Inside.Out hosts very good musician guests each time but importantly there is no writer guest. All open mic’ers are on the same footing, whether a creative writing student or a garrett-dwelling poet or a seasoned novelist. Inside.out attracts writers from all quarters along with first-time readers. (A first-time reader regularly is a very accomplished writer.) Hearing fresh work in the writer’s own voice is a revelation, and a privilege. Plus, Sappho, Rumi, Janet Frame and Virginia Woolf call by. August marks six years.

Inside.Out happens once a month on the second Wednesday, at the iconic One2one Cafe in Ponsonby, thanks to the co-manager Chris Priestley, a real music icon round these parts, and the NZSA (PEN NZ Inc) Auckland branch, which supports it.

FF: Tell us about your own spoken word poetry.

AA: That began in 2010. I was friends with neighbour the late Graham Brazier who ran the local second hand bookshop. As many will fondly recall, he could, and would, recite the work of W B Yeats, J K Baxter and more at the drop of a hat, from his dining chair throne in the centre of his shop. And he wrote himself, with ease, in one go: punchy or tender poems packed with quick-witted internal and end-line rhyme. When the earthquake rocked my home town of Christchurch, days after I’d been there for a visit, Graham encouraged me to start writing.I knew next to nothing about poetry and had never written creatively. So it followed that my first-ever poems , e.g., Red List Poem, were performance pieces. (I still read that one).

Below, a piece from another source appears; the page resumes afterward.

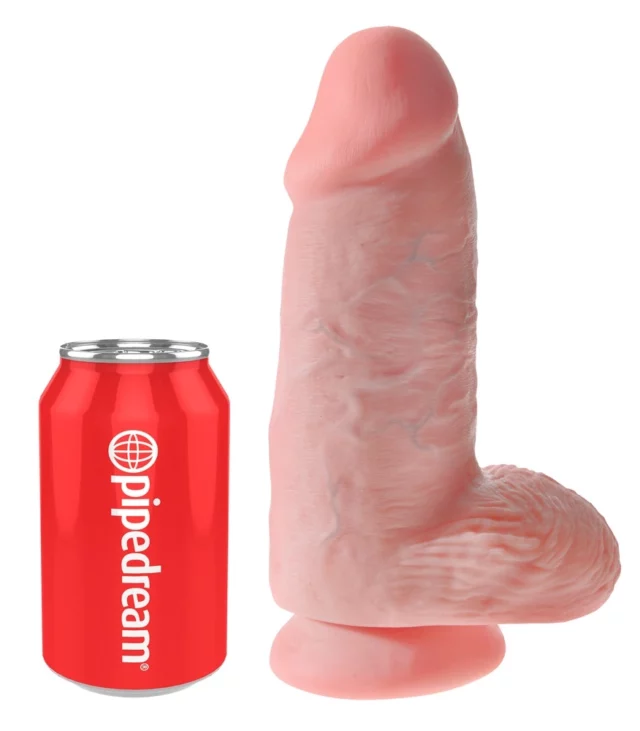 King Cock - Realistyczne Grube Dildo Z Przyssawką 23 CM Jasny Kolor Skóry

I owe a lot to Graham and to others – Graham McGregor, Gus Simonovic and Ila Selwyn – for giving performance spots to an enthusiastic newbie.I ’m also grateful to many writers who have generously invited me to submit work or given me tips or a helping hand, including Alistair Paterson, Riemke Ensing, Gill Ward, Bernard Brown, Leanne Radojkovich, Janet Charman,Trisha Hanifin, Michelle Elvy, Peter Bland, Michael Morrissey, Kirsten Warner and more.

I read poetry and flash at Poetry Live and other events when asked.

FF: Tell us a little about your creative space: where do you enjoy writing most, when (are you a morning or late-night person?) and how often do you sit down to jot notes or words? How does Auckland figure into your creative imaginings?

AA: I write at the computer. Sometimes the germ of a poem or flash will form in the morning when I wake, and I need to get it down then or puff! it’s a dust mote.

I collect peculiar facts in my head, or print them off, and like to approach something from a fresh angle. For example, imagining that inventor Daedalus did make the mainland seemed a story to rival the fable about his son. How was his life thereafter? This triggered the flash Bird Man in Aotea Square. And reading Brigitte Bardot’s last public interview, after which she ditched films for a quiet life by the sea, triggered The Beauty Who Let Herself Go. Recently I wrote a performance poem about Auckland called Disneyland, but generally, I don’t write from place. I get a fix on a feeling, bite the blade between my teeth, dive in and commit to getting out alive.

Congratulations again, Anita! And thank you for taking time to share more about your 2018 NFFD winning story and your other wonderful projects.

Anita Arlov organises and emcees Inside Out Open Mic for Writers (est 2012). In 2017 she won the Divine Muses New Voices Emerging Poets Competition with Ballpoint.

With a team she organised the NZ Poetry Conference & Festival – Auckland 2017.

Her flash He She It They won the National Flash Fiction Competition 2018. Ming the Other won the Auckland Regional Prize.